The show is naturally geared towards kids. Children worldwide love dinosaurs but one of the surprising things about the show is that adults get a real kick out of it too. The show does have some great educational overtones but at the end of the day it is very funny and has a lovely endearing nature to it.
What is the aim of the show?
The aim is to have fun and to be honest. Dinosaurs are awesome but they can also be big and scary, every kid knows that. We like delivering the facts and since working with museums the importance of honesty has allowed us to tackle some pretty sticky questions like "is it real?".
Once upon a time we would try and explain our way out of such a question with awkward charm, but these days we are straight up.
"Yes, it’s a real puppet" is the easiest answer. Thanks to the magic of theatre and people’s desire to suspend their disbelief, more often that not, just two minutes after you announce that all the dinosaurs are puppets, people forget and continue on the journey.
The show is described as interactive — how do audience members get involved?
Throughout the show we will bring people onto the stage, this is actually my favourite part because it is unrehearsed.

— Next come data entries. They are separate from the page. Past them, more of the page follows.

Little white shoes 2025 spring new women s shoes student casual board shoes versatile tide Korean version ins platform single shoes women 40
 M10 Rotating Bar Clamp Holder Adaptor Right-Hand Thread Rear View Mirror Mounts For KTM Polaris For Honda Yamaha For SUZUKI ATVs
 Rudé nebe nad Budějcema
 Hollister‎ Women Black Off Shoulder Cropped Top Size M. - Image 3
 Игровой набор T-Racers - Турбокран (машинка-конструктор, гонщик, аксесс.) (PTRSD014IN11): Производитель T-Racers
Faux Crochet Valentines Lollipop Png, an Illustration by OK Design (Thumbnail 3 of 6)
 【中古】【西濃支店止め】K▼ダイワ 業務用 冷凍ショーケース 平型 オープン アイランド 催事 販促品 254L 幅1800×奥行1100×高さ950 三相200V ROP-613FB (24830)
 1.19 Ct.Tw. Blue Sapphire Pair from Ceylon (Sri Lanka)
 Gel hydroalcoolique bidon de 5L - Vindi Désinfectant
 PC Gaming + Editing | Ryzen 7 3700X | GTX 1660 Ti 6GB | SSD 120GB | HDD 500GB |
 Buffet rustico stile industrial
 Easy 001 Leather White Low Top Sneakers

People’s reactions are very real and unpredictable so it makes for some wonderful moments.
In the past we used to try and invite all the children in the audience to come onto the stage with us, but as the show has grown in popularity and audience numbers have got much bigger, we now bring some of the dinosaurs out at the end of the show for a meet and greet so that folks have a chance to pat the creatures or take a photo.
How did you come up with the idea of the show?
I’m just a theatre director who knows a lot about dinosaurs, even though a lot of people think I’m a palaeontologist!
We had been custom making life-like dinosaur puppets for museums around the world and as a result had developed some pretty cool ways of presenting them within a museum context. We started to realise that we were onto something quite unique so we started doing small outdoor street shows at festivals around Australia and from there the idea snow-balled into the show that it is today. We like to keep the show fresh by building new dinosaurs all the time and introducing them regularly so that we keep up to date with recent discoveries.
Why do you think Dinosaur Zoo has proved so popular?
It’s unique, there is nothing like it in the world and because it’s Australian it has a fun, edgy charm to it. Most people’s experience of dinosaurs is based on inanimate objects in museums or as animated creatures in film or television, so by bringing our dinosaurs onto the stage we come one step closer, realising everybody’s dream of having these awesome creatures alive and well in our modern world.
• Dinosaur Zoo is at the Empire Theatre, Eden Court at 1.30pm and 4.30pm on Monday 30th September and 10.30am on Tuesday 1st October. The show is suitable for age three and over.